» Try it: Leave every picture out and print exactly the lines that run from the one containing "Nilo Soursop Juice" to the end of the listing.

» Available data:
== Segment start ==

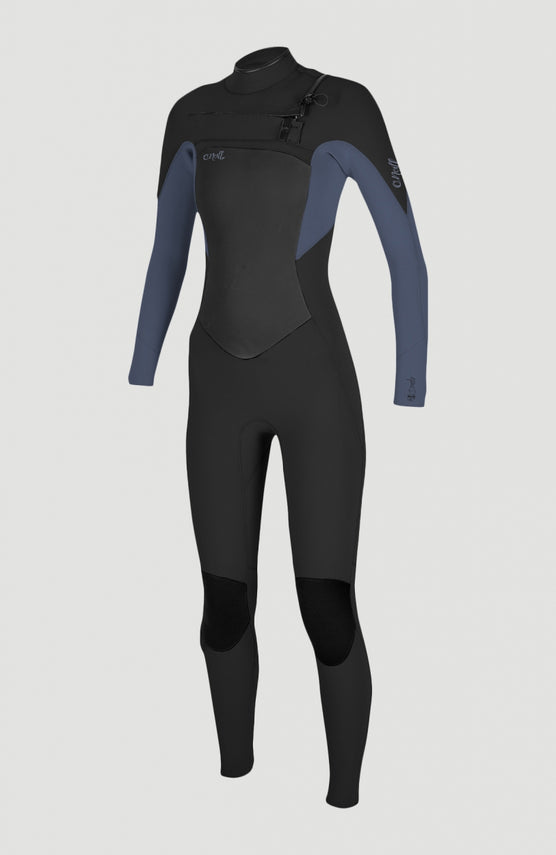 Epic 4/3mm Chest Zip Full Wetsuit | Black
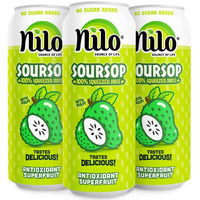 Nilo Soursop Juice | 100% Real Guanabana Soursop Graviola | No Sugar Added | Not From Concentrate | 10.8 Oz (Pack Of 12)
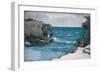 Rocky Shore, 1900-Winslow Homer-Framed Premium Giclee Print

== Segment end ==

» Your solution:
 Nilo Soursop Juice | 100% Real Guanabana Soursop Graviola | No Sugar Added | Not From Concentrate | 10.8 Oz (Pack Of 12)
 Rocky Shore, 1900-Winslow Homer-Framed Premium Giclee Print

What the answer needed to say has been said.